Diego Remolina dijuremo at gmail.com
Fri Oct 5 14:20:13 UTC 2018 

Hi,

Thanks for the reply!

This was setup a few years ago and was working OK, even when falling back
to this server. We had not failed over to this server recently after the
latest samba upgrades, so Not sure if maybe the new samba and ctdb packages
had a change that is creating the issue.

samba-libs-4.7.1-9.el7_5.x86_64
samba-client-libs-4.7.1-9.el7_5.x86_64
samba-common-tools-4.7.1-9.el7_5.x86_64
samba-common-4.7.1-9.el7_5.noarch
samba-common-libs-4.7.1-9.el7_5.x86_64
samba-vfs-glusterfs-4.7.1-9.el7_5.x86_64
samba-4.7.1-9.el7_5.x86_64

It may not be the right way to do it, so I am going to investigate your
suggestion and find out if it works for us. I do need your help with
answers to some questions below.

A bit of an explanation on the current setup. Both servers, ysmha01 and
ysmha02 are joined against AD using sssd. We are not using winbindd at all.

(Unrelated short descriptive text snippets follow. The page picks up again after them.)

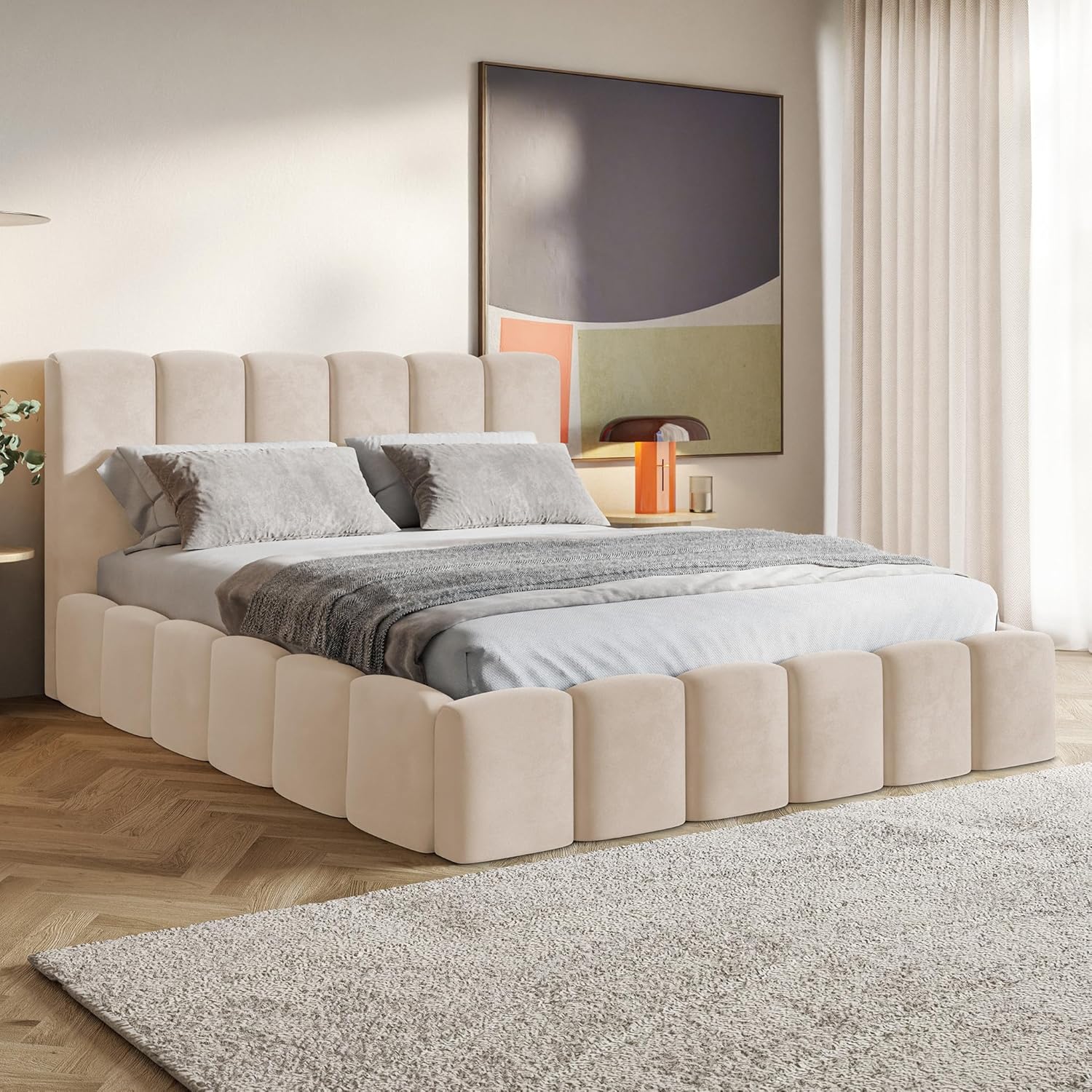 Nunu Bubble Bett 140x200 Beige Samt, mit Stauraum, mit Kopfteil, mit Lattenrost, ohne Füße, ohne Matratze, Bubble Polsterbett 140x200 mit Bettkasten Beige (Creme)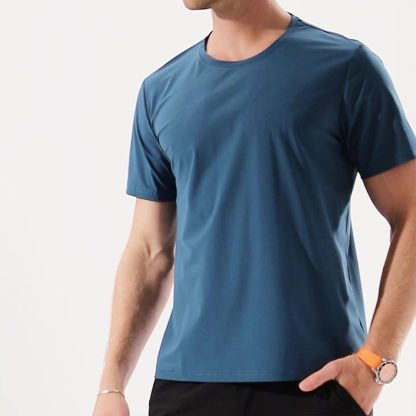 Summer Ice Silk T-Shirt - Ultra-Cool Breathable & Quick-Dry Men Sport Tee - Image 2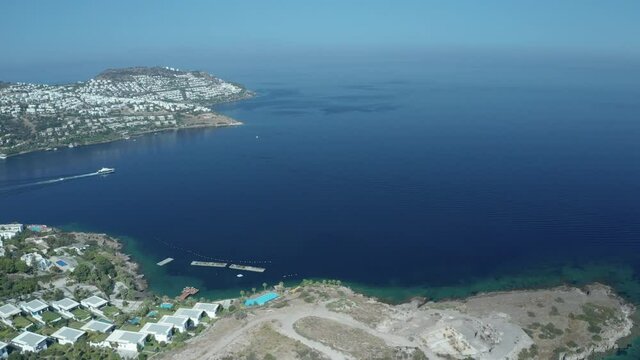 Amazing panoramic aerial 4k view from drone of beautiful bay of G�ndo_an and Yal�kavak in Bodrum on a bright and sunny day in Mugla province in Turkey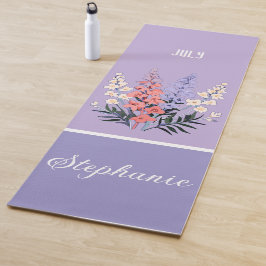 Personalisierter Juli Geburtstag Blume Individuell Yogamatte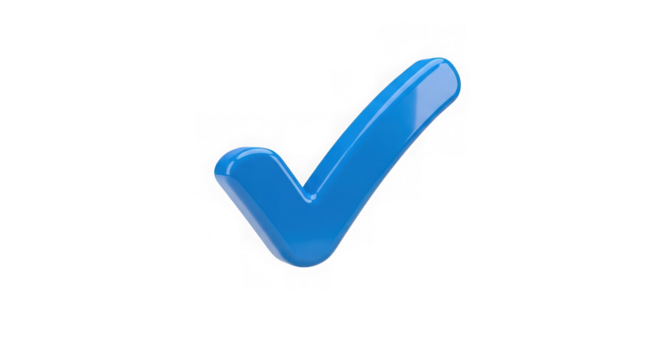 A glossy blue check mark symbol isolated on a transparent background, representing approval or correctness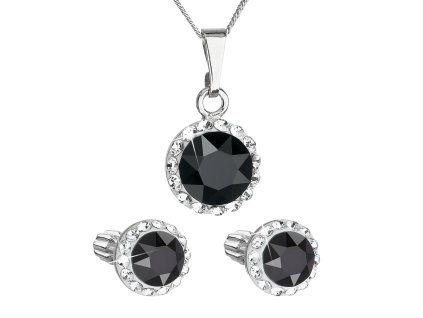 24734 sada sperku s krystaly swarovski nausnice a privesek cerne kulate 39352 3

For each server, we created a machine account in AD, and we also created a
computer account for the "Shared" host name. So we have these 3 computer
objects in AD
ysmha01 10.0.0.6
ysmha02 10.0.0.7
ysmserver 10.0.0.1 (this ip is handled by ctdb)

We are not controlling smb with ctdb (doing it manually).

Both ysmha01 and ysmha02 were tied to AD using: realm join domain -v
unattended

Then we modified the sssd.conf file as follows:

http://termbin.com/wulh

And restarted sssd and everything works fine getting users and groups.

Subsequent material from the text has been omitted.